5. **New York (General)**
   - **Average Price:** $2.53 million
   - **Average Bedrooms:** 2.37
   - **Average Bathrooms:** 1.92
   - **Average Property Size:** 1,891 sqft

6. **Kings County**
   - **Average Price:** $1.80 million
   - **Average Bedrooms:** 4.88
   - **Average Bathrooms:** 3.17
   - **Average Property Size:** 2,653 sqft

7. **Queens County**
   - **Average Price:** $1.14 million
   - **Average Bedrooms:** 4.22
   - **Average Bathrooms:** 2.73
   - **Average Property Size:** 2,305 sqft

8. **Bronx County**
   - **Average Price:** $1.02 million
   - **Average Bedrooms:** 4.75
   - **Average Bathrooms:** 2.78
   - **Average Property Size:** 2,667 sqft

9. **Jackson Heights**
   - **Average Price:** $985,000
   - **Average Bedrooms:** 3
   - **Average Bathrooms:** 2
   - **Average Property Size:** 2,184 sqft

10. **Brooklyn**
    - **Average Price:** $865,000
    - **Average Bedrooms:** 2.15
    - **Average Bathrooms:** 1.59
    - **Average Property Size:** 1,331 sqft

### Conclusion

These insights reveal the diversity in the New York City housing market, with significant variations in property characteristics and prices across different sublocalities.

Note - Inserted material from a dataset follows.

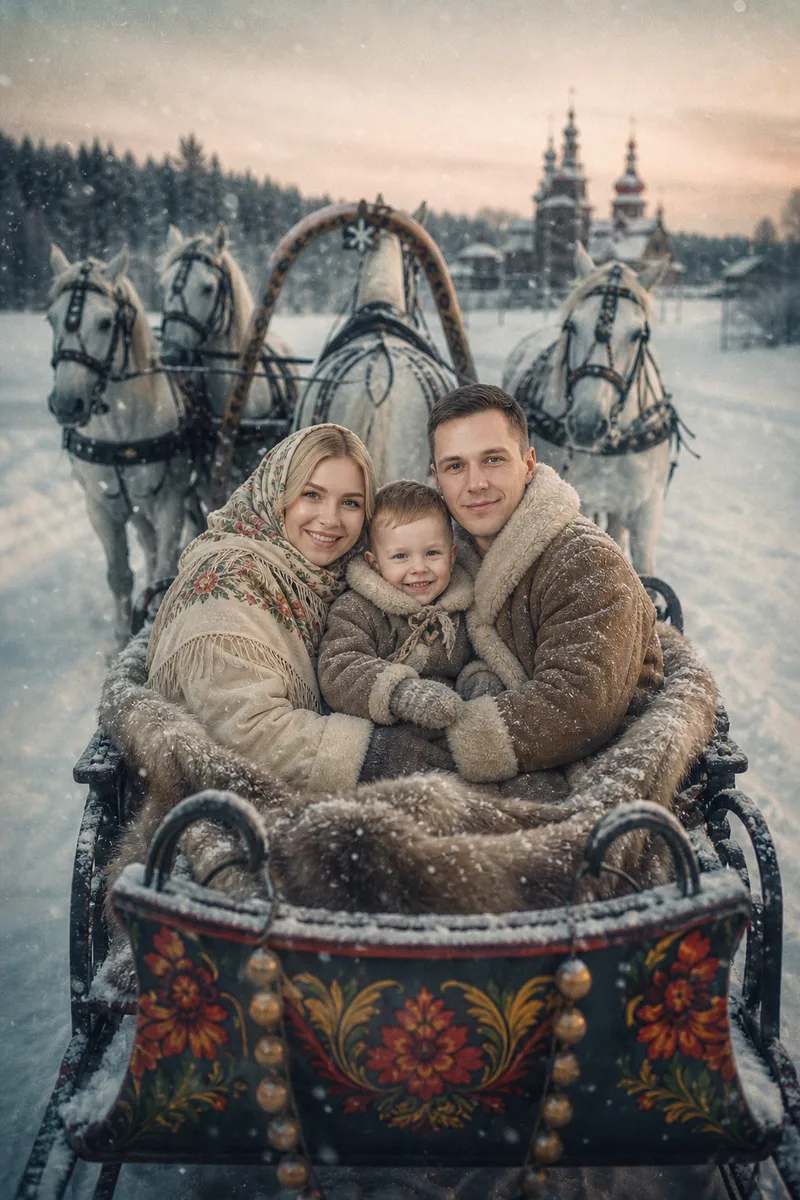Зимний кадр в санях на Новый год — пример обработки фото нейросетью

Areas like New York County and Dumbo show higher property values and larger-sized homes, whereas areas like Brooklyn have more modest average prices and smaller property sizes.


In [None]:
# Selecting a few key areas for distribution analysis
key_areas = ['New York County', 'Dumbo', 'Manhattan', 'Brooklyn']

# Filtering data for selected key areas
key_areas_data = filtered_df[filtered_df['SUBLOCALITY'].isin(key_areas)]

# Plotting distribution of prices in these key areas
plt.figure(figsize=(12, 6))
sns.boxplot(x='SUBLOCALITY', y='PRICE', data=key_areas_data)
plt.title('Price Distribution in Key NYC Areas')
plt.ylabel('Price (in billions)')
plt.xlabel('Sublocality')
plt.yscale('log')  # Log scale for better visualization of wide range
plt.show()

# Correlation Analysis
corr_columns = ['PRICE', 'BEDS', 'BATH', 'PROPERTYSQFT']
correlation = filtered_df[corr_columns].corr()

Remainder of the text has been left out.